> [DATA SHOWN]:
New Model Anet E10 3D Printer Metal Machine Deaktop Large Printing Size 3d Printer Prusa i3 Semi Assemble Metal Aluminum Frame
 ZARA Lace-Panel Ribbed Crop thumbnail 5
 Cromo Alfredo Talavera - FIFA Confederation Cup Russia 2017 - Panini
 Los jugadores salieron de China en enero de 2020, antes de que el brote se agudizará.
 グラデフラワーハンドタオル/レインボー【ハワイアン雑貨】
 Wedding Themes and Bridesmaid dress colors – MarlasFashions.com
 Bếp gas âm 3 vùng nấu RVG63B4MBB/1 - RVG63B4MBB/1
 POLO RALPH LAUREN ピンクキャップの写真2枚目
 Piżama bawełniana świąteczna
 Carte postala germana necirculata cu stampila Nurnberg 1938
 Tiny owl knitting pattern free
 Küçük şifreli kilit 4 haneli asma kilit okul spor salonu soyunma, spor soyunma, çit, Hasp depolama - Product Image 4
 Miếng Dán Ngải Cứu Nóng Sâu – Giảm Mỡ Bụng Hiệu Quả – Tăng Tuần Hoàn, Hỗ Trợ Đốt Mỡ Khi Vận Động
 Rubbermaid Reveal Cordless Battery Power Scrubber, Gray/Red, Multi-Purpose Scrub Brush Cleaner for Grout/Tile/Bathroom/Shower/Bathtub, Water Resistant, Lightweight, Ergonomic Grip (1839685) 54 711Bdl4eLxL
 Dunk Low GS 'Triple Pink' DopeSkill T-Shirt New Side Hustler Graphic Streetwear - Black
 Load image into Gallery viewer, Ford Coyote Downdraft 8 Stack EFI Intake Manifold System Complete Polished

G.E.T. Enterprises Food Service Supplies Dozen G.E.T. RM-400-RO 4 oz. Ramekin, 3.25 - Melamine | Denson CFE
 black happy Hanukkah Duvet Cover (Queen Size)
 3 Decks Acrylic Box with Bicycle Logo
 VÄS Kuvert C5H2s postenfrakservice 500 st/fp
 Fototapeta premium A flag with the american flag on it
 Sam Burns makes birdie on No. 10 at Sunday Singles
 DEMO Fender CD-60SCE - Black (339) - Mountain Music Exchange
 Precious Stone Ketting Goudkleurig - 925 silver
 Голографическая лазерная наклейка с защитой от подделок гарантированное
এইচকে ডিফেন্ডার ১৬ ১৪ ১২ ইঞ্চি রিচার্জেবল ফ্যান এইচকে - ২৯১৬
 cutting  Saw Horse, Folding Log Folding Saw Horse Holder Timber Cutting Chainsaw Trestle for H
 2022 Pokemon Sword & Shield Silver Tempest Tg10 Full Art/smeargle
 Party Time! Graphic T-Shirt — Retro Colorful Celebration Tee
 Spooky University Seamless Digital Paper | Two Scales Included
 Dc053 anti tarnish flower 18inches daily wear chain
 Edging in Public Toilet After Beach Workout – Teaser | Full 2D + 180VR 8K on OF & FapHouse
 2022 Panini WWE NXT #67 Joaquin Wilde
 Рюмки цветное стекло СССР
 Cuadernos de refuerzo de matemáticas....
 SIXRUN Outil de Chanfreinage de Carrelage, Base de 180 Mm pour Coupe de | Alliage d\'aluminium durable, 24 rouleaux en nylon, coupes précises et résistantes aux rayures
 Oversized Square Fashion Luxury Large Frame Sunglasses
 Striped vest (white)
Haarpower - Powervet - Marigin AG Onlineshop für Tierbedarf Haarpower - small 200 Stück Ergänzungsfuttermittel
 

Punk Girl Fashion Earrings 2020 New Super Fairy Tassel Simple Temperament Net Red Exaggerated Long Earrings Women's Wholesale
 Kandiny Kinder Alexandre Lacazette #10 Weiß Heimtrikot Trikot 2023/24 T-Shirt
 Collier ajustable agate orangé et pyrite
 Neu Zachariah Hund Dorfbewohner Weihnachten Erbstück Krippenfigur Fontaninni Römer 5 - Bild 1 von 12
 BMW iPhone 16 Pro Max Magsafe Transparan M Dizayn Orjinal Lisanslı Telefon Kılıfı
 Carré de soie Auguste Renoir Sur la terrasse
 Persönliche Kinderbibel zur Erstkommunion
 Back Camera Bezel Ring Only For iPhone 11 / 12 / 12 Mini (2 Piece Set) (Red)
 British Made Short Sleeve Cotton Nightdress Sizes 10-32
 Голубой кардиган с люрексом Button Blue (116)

> [WHAT THE TASK REQUIRES]: Find and copy each line of the data where "iPhone" is present.

> [TASK SOLUTION]:
 BMW iPhone 16 Pro Max Magsafe Transparan M Dizayn Orjinal Lisanslı Telefon Kılıfı
 Back Camera Bezel Ring Only For iPhone 11 / 12 / 12 Mini (2 Piece Set) (Red)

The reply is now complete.